I am going to need a new joystick though.


----------



## no-no (Mar 2, 2011)

looks good, I kind of missed the boat on the last one. I can never find anyone online to play.

Will def be getting this


----------



## Garek (Mar 2, 2011)

What are people going to use to play this? I'm thinking of using this,


----------



## treelover (Mar 2, 2011)

not very 1940's


----------



## no-no (Mar 2, 2011)

I have a saitek thingy, looks like it's out of an xwing. works well with sturmovik though. I have flaps,power,weapons and viewpoints all mapped to joystick buttons so I can leave my other hand free to control the mouse/look around.

I love this game even though it's one of the hardest I've ever played.

ah here it is....


----------



## agricola (Mar 2, 2011)

Flyable Blenheims?  Flyable Defiants?


----------



## fishfinger (Mar 2, 2011)

One British campaign, in which you fly the Hurricane and the Spitfire, and one German campaign in which you fly the 109, the 110 and the Stuka. 

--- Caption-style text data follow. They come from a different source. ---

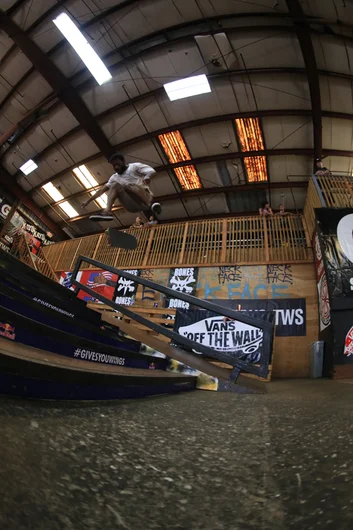 <!--coc2014-->
Reggie Kelly hardflip BS lip.
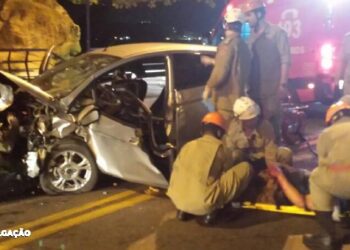 Acidente em Niterói: Dois homens feridos em colisão de carros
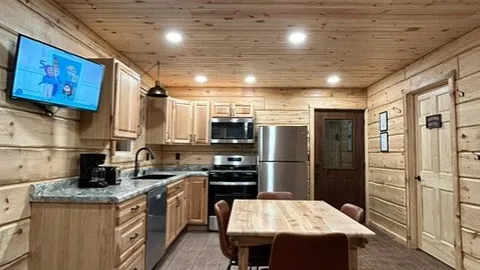 Cabin — image 10 of 10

http://forums.ubi.com/eve/forums/a/tpc/f/8071032709/m/5151024809

Not sure whether there will be other flyable aircraft, maybe with future "add-ons"

Update: 

FLYABLE AIRCRAFT
Over a dozen highly detailed English, German and Italian aircraft, with famous fighters such as the Spitfire, Hurricane, and the Messerschmitt Bf-109. Flyable bombers including the He-111 and Blenheim are also available, with all crew positions open to the player. All flyable aircraft come with true-to-life cockpit interiors, based on thousands of hours of dedicated research.

NON-FLYABLE AIRCRAFT
13 AI controlled aircraft, including Vickers Wellington, Dornier D-17, and others. 

http://shop.ubi.com/store/ubiemea/en_GB/pd/productID.223684000


----------



## treelover (Mar 2, 2011)

funny how the 'collectors edition' is more or less what you got for the basic price in the past,. eg, BOB, Mig, etc..


----------



## Garek (Mar 2, 2011)

You what?


----------